Helping a suicidal teen can be a big job and it can require all hands on deck. Schools can be a rich resource for tools and support when it comes to how to address youth suicide. Also, school personnel such as counselors or teachers should have the expertise to notice suicide warning signs. Support and encouragement can also be found through youth sports organizations, extended family members, and youth-oriented community programs, among others. With a strong support network, more adults can keep an eye out for suicide warning signs and teens are less likely to slip through the cracks.
- Build up your teen.
You can show a young person you care about them by becoming invested in their life. Make sure they have the connections they need to bring about positive change: a therapist, yes, but also friends who can offer peer support, trusted adults, and religious or cultural leaders who can help reinforce beliefs and principles that can offer a firm foundation moving forward. Make sure they have necessary medical treatments, as well as the tools they need to enrich their mental and emotional health. Those can include self-esteem building exercises, coping mechanisms, and the capability to solve problems and communicate. Make sure the young person is plugged into groups and activities that are encouraging and beneficial, such as a volunteer program.
- Don’t hesitate to take action if danger is imminent.

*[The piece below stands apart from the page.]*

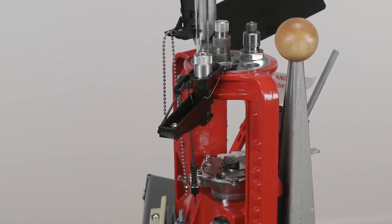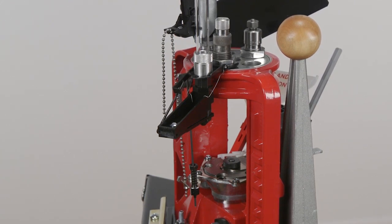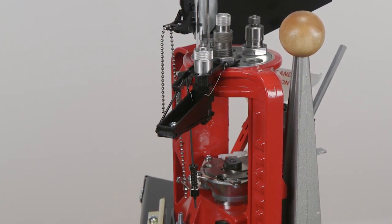The Lee Bullet Feed Kit is designed to fit our progressive presses. It aligns bullets more accurately than possible by hand. The kit comes complete for one bullet diameter and range of length.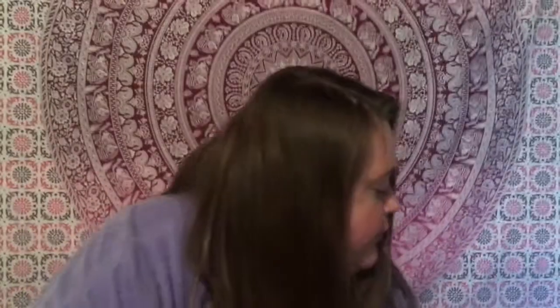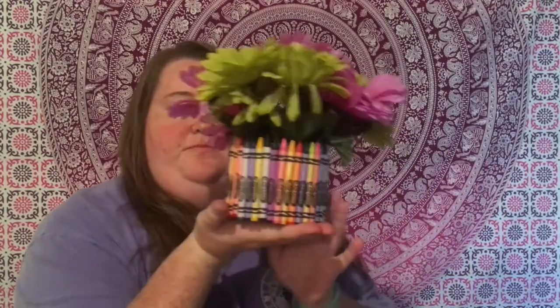Welcome back to our channel the Sweet Luffy Twins. Today I'm going to be showing you how to make a pencil one and a crayon one. I got inspiration for the pencil one from Crafty Girl — I'll try to leave her channel down below. The crayon one I came up with myself. I saw a Bath and Body Works candle jar and thought it would look cute with crayons on it. I really like how they both turned out.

If you know a young person who is talking about plans to commit suicide, has started to give away their possessions, or has obtained a weapon, pills, or other tools that could be used in a suicide attempt, do not wait another moment. Call the National Suicide Prevention Lifeline at 800-273-TALK (8255) to speak to qualified crisis workers and do not let the teen be alone. If a crisis is near, call 911 immediately.
Taking action by implementing one of the strategies for addressing youth suicide can be the difference between life and death. Young people in pain and despair don’t have to feel alone if you come alongside them and help them to find hope for a better future.